### Material provided
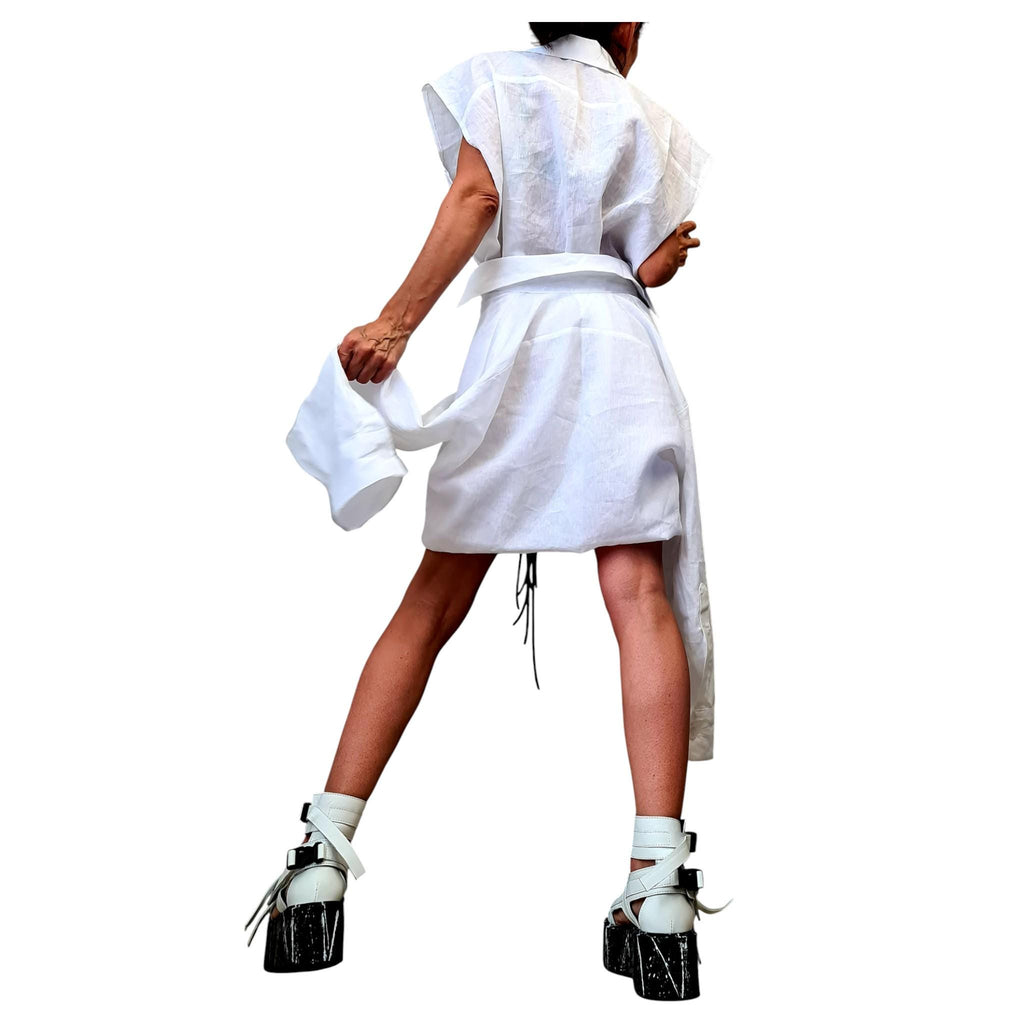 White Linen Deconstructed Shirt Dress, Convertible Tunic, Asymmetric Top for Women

...

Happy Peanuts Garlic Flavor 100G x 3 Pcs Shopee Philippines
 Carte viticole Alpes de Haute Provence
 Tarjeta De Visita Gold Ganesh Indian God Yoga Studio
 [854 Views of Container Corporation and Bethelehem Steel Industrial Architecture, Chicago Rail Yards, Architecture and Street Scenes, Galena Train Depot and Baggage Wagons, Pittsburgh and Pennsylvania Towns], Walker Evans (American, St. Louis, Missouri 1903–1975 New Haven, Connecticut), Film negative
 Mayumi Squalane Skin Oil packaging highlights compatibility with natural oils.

### The problem
Working from the material above, retype exactly the lines from the one with "Happy Peanuts Garlic" through the one with "Tarjeta De Visita", both included, and only those lines.

### Response area
Happy Peanuts Garlic Flavor 100G x 3 Pcs Shopee Philippines
 Carte viticole Alpes de Haute Provence
 Tarjeta De Visita Gold Ganesh Indian God Yoga Studio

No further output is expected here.